### GIVEN INFORMATION
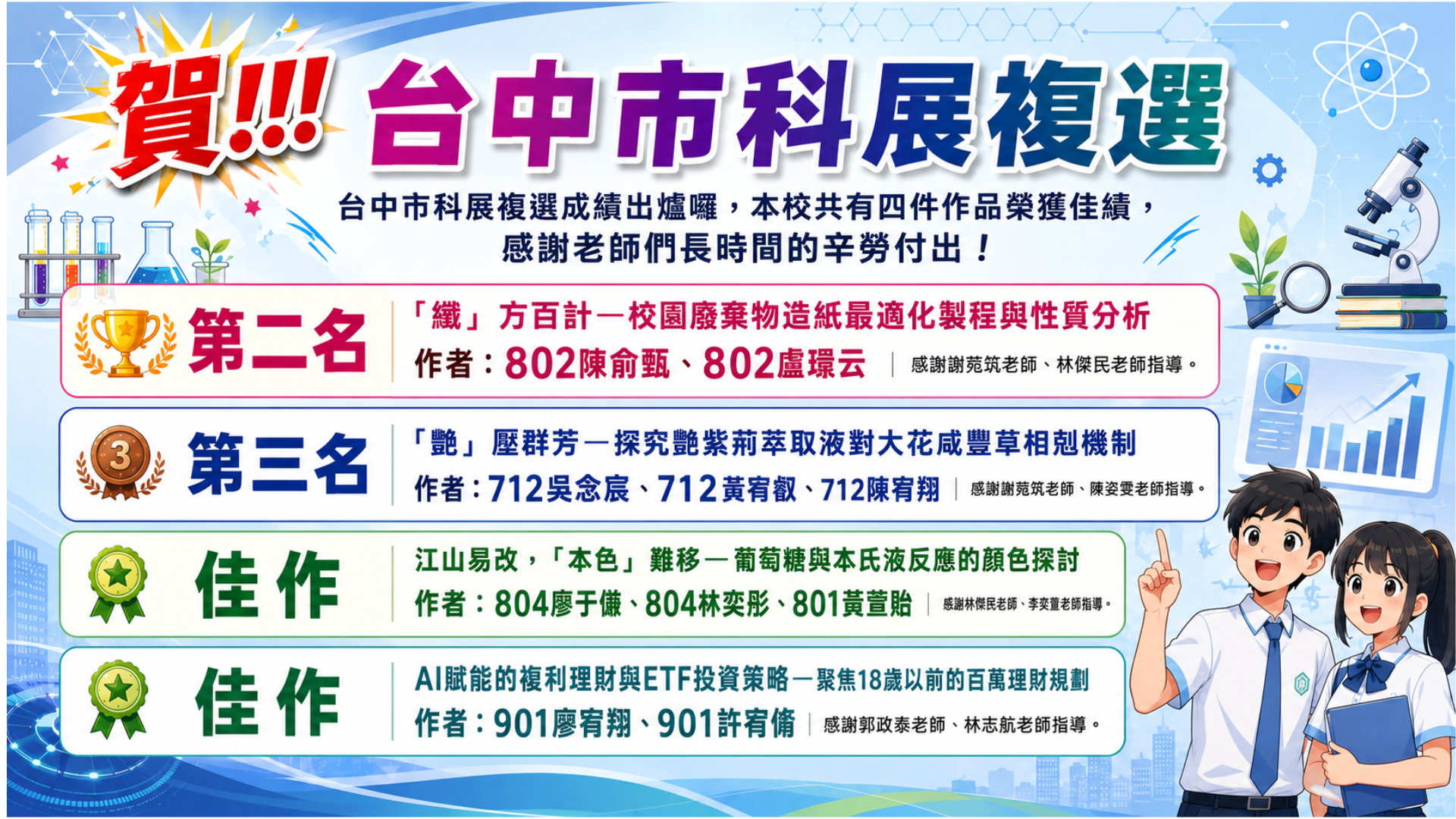 2026科展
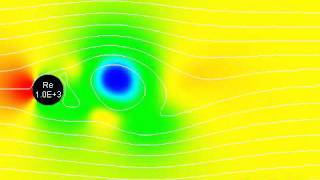 Karman Vortex Street Behind 2D.circular Cylinder Pressure Re1.0E3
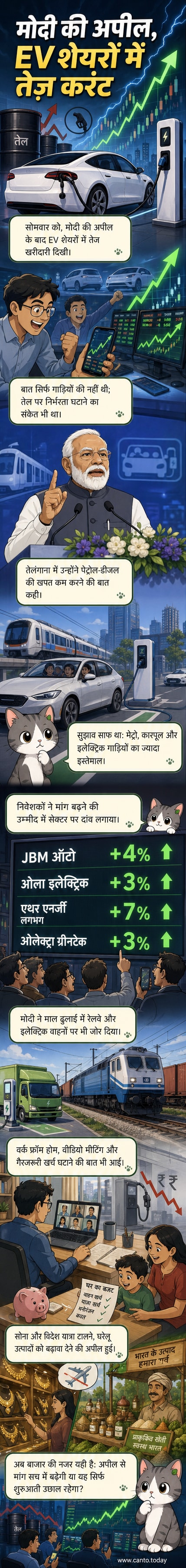 एक इलेक्ट्रिक गाड़ी के सामने प्रधानमंत्री मोदी की तस्वीर और शेयर बाजार में बढ़त के ग्राफ के साथ एक विजुअल एनिमेशन।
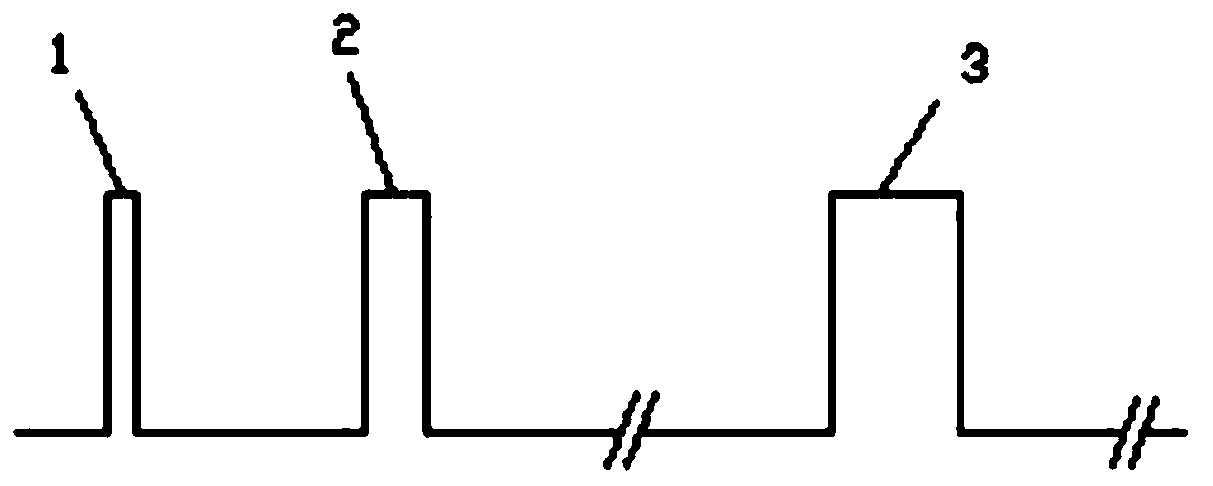 Method of multi-range to synthetize full-range panoramic test pulses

### ABOUT THIS TASK
Without the pictures, give every line of the data again, exactly as written.

### TASK ANSWER
 2026科展
 Karman Vortex Street Behind 2D.circular Cylinder Pressure Re1.0E3
 एक इलेक्ट्रिक गाड़ी के सामने प्रधानमंत्री मोदी की तस्वीर और शेयर बाजार में बढ़त के ग्राफ के साथ एक विजुअल एनिमेशन।
 Method of multi-range to synthetize full-range panoramic test pulses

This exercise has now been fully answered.